補助金や助成金を申請するには、事業計画書の作成が必要です。その過程では、事業のイメージや資金計画などを明らかにしなければならないため、起業のビジョンを明確にできるというメリットがあります。

また、審査においては、第三者から事業に関する客観的な意見をもらうことができますので、それをもとにより良い事業へと発展させることが可能です。

<補助金・助成金を申請する際の注意点>

・原則として後払いである

補助金と助成金は、原則としてどちらも後払いになります。審査に通過しても、すぐにお金を受け取れるわけではないのです。そのため、早急に必要となる資金に対応するためには、補助金や助成金ではなく金融機関からの融資を検討しなければならないでしょう。

・必ず受け取れるとは限らない

先ほどもあったように、補助金は受給が難しい場合も多く、必ず受け取れるとは限りません。また、虚偽申請が発覚したり、申請後や支給後に要件から外れたりした場合は、支給されたお金の一部または全額の返還が求められますので、適正に制度選びや申請を行いましょう。

・書類の作成に時間がかかる

補助金や助成金の申請には、事業計画書や申請書類の作成が必要です。また、審査を通過した後も、資金の使い道などを書類で報告しなければなりません。特に起業したばかりですと、書類の作成に慣れておらず作業に時間がかかる懸念があります。

■個人事業主が開業の際に活用できる補助金・助成金7選

このようなメリットや注意点のある補助金・助成金ですが、日本には数千種類もの補助金や助成金があると言われています。その中でも、個人事業主が開業する際に役立つ補助金・助成金を、7つピックアップしてみました。

<補助金>

1.IT導入補助金

IT導入補助金は、業務効率化や売上アップなどを目的にITツールを導入する個人事業主や中小企業を支援する制度です。たとえば、POSレジシステムや予約・顧客管理システム、クラウド利用料など、ITツールの導入にかかった費用の一部について補助が受けられます。

日本ではDXがまだ充分には進んでいませんが、デジタル化・自動化が進めば、労働環境の改善や生産性の向上につながることでしょう。特に費用面でDX推進をためらう個人事業主、企業は多いですが、IT導入補助金によって対応するのも選択肢の1つです。

2.ものづくり補助金

ものづくり補助金は、中小企業や小規模事業者が働き方改革や賃上げ、インボイス制度など相次ぐ制度変更に対応するための制度です。正式名称は「ものづくり・商業・サービス生産性向上促進補助金」といい、新しいサービスの創出やものづくりに関わる費用の一部を補助してくれます。
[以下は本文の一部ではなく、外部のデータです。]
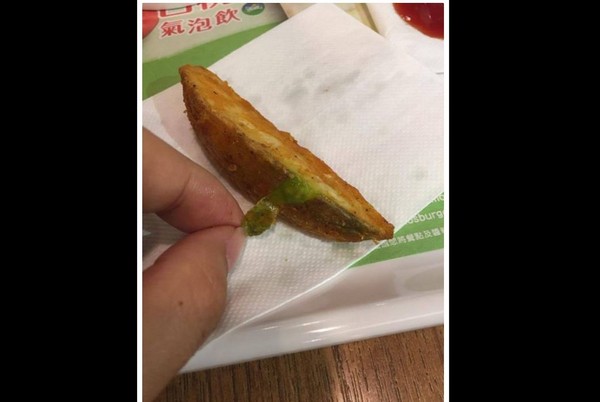 ▲▼鄉民去台南某摩斯漢堡分店吃到綠色黃金薯條。（圖／翻攝PTT）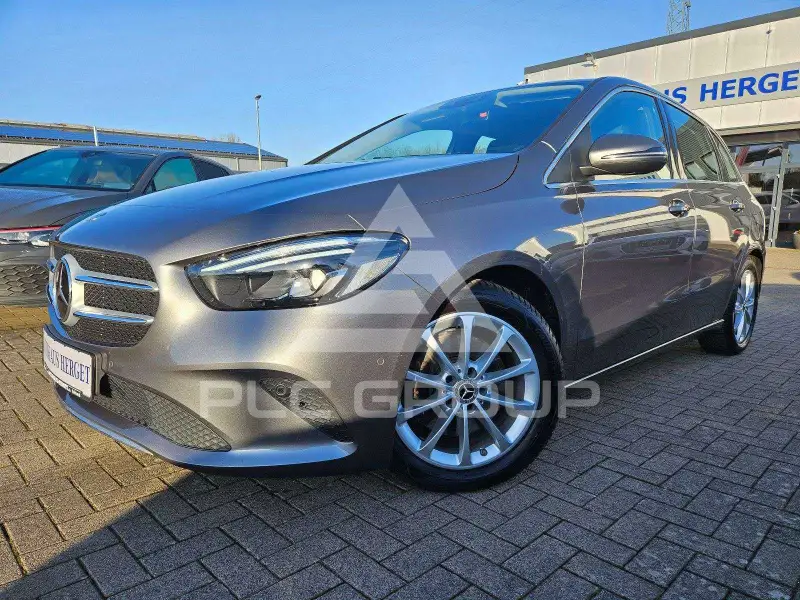 2019 Mercedes Benz B 220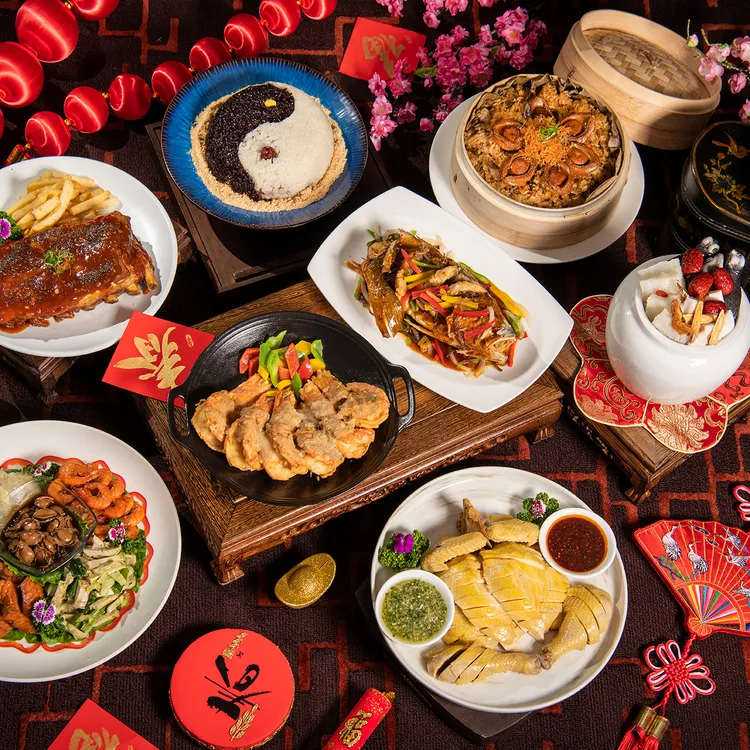 台北遠東香格里拉上海醉月樓推出年菜外帶6人份套餐 15,888 元。業者提供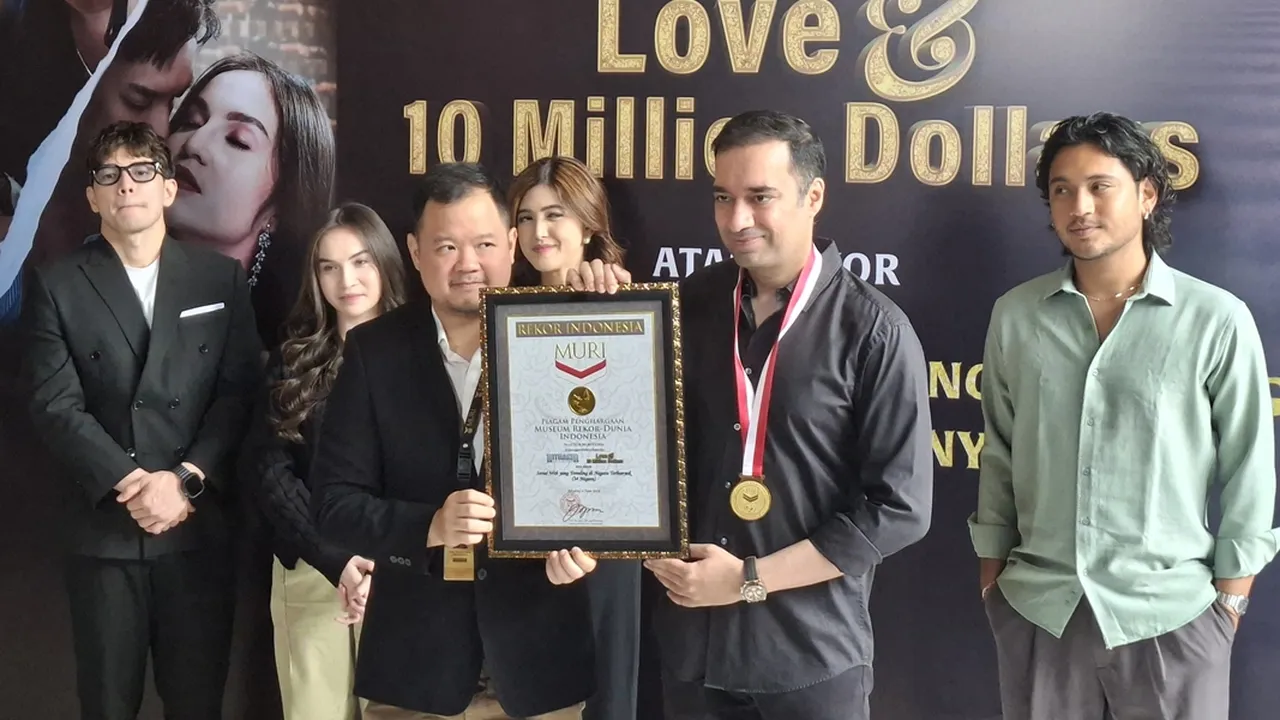'LOVE & 10 MILLION DOLLARS' Cetak Rekor MURI, Trending di 34 Negara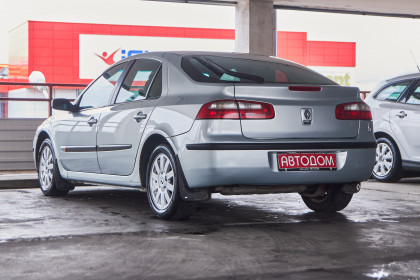 Продажа Renault Laguna II 1.6 MT (107 л.с.) 2002 Серебристый в Автодом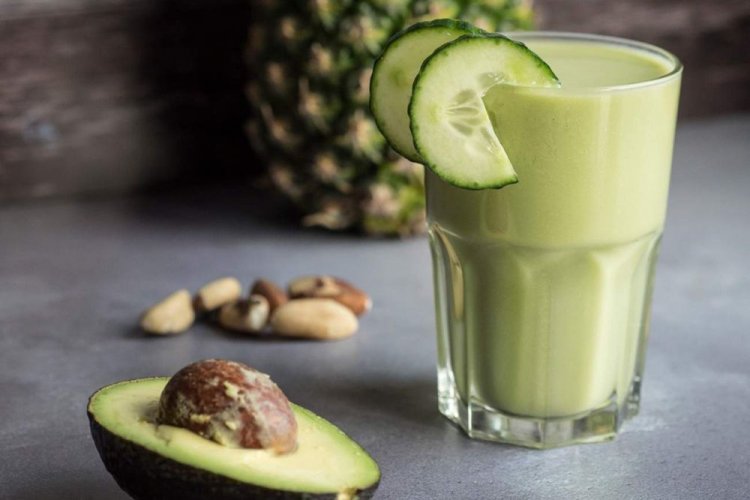 Smoothie mit Avocado, Ananas und Kokosmilch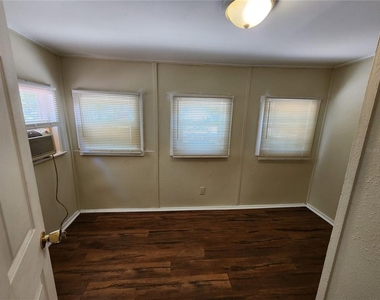 1623 Se 3 Avenue - Photo Thumbnail 32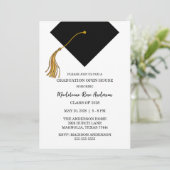 Invitation Graduation Black Cap And Tassel Photo Open House  (Debout devant)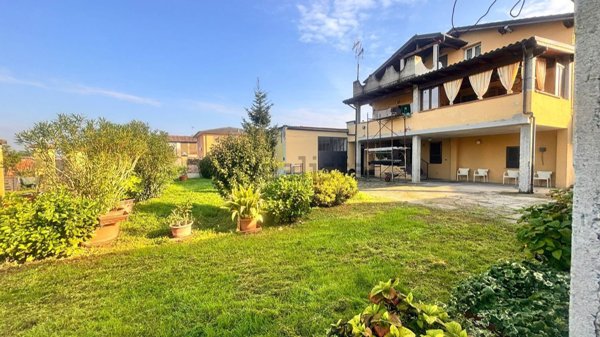 casa indipendente in vendita a Verrua Po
ものづくり補助金には、「通常枠」「回復型賃上げ・雇用拡大枠」「デジタル枠」「グリーン枠」「グローバル市場開拓枠」などの枠があり、毎回人気の高い補助金の1つとなっています。

3.小規模事業者持続化補助金

小規模事業者持続化補助金は、小規模事業者や特定非営利活動法人を対象とした制度です。これらの事業者が、今後行われる制度変更に対応し、生産性向上や持続可能な経営に向けた販路開拓に取り組む際の経費を一部補助します。

補助の対象となるのは、販路開拓や業務効率化のための取り組みにかかった費用で、たとえば、ネット販売システム構築費用、商品PRイベントの費用、新商品の開発費などが当てはまります。
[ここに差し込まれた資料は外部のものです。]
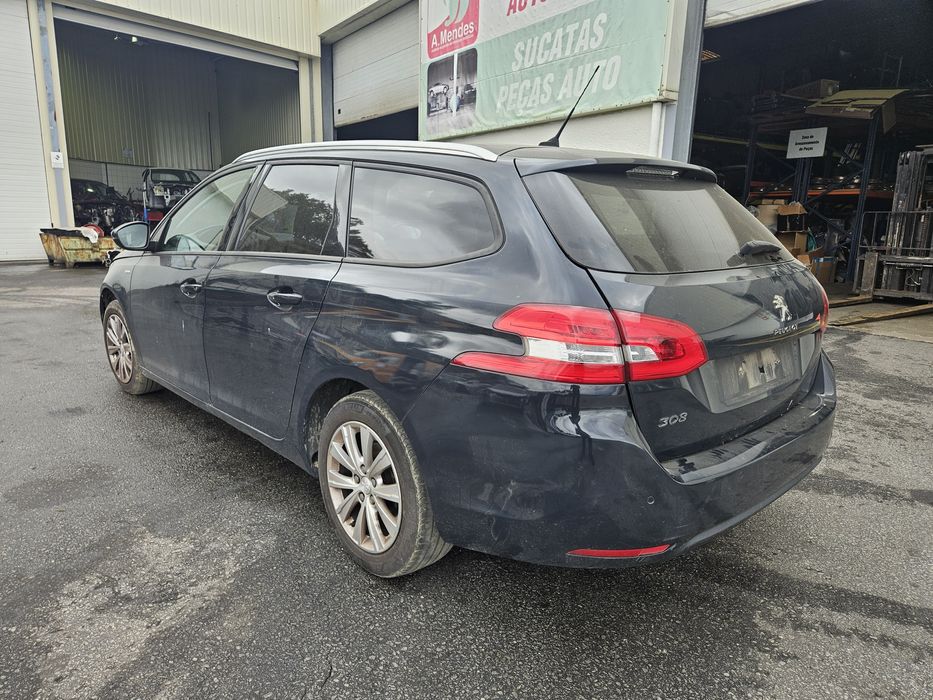 Peugeot 308 II SW 1.2 THP de 2019 para peças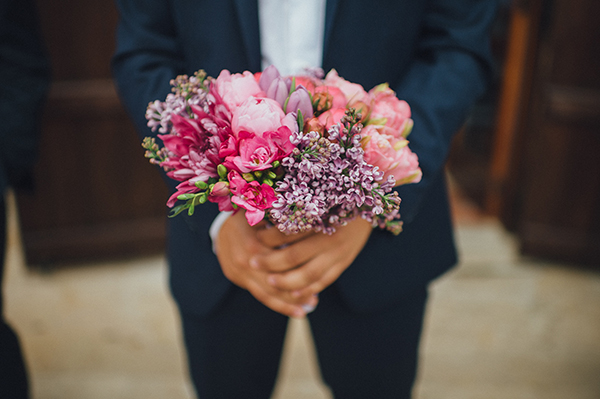 bridal-bouquet-bright-colors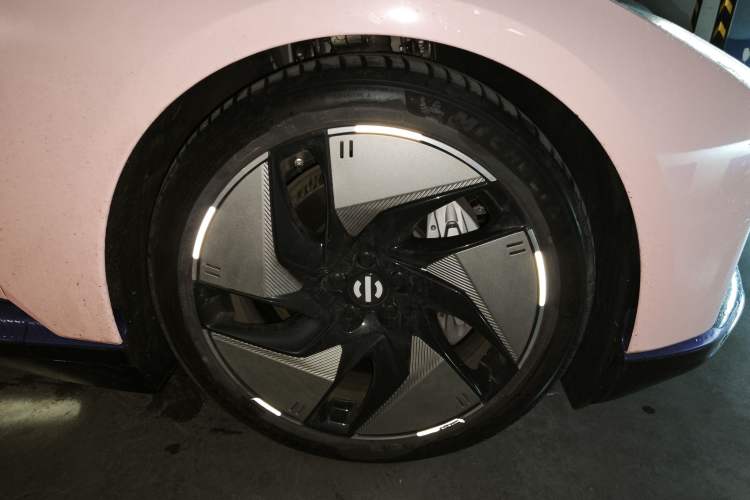 Used HiPhi Z 2023 Four-Seat Version Right Front Wheel Hub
また、この補助金を受ける条件として、「経営計画の作成を、商工会や商工会議所と一体となってする」ことが挙げられており、商工会議所の指導・助言を受けられる点もメリットです。

なお、小規模事業者持続化補助金には複数の枠がありますが、2023年から新たに「インボイス特例」が設けられ、免税事業者から適格請求書発行事業者に転換する「インボイス転換事業者」に対しては、各枠の補助上限が一律50万円上乗せされることになりました。

4.事業承継・引継ぎ補助金

事業承継・引継ぎ補助金とは、事業承継などを機に新しい取り組みを行う中小企業や小規模事業者を支援する制度です。「事業承継」とは会社の経営を後継者に引き継ぐことですが、この補助金では、以下のようにして後継者が事業を引き継ぐ(引き継いだ)ことが該当します。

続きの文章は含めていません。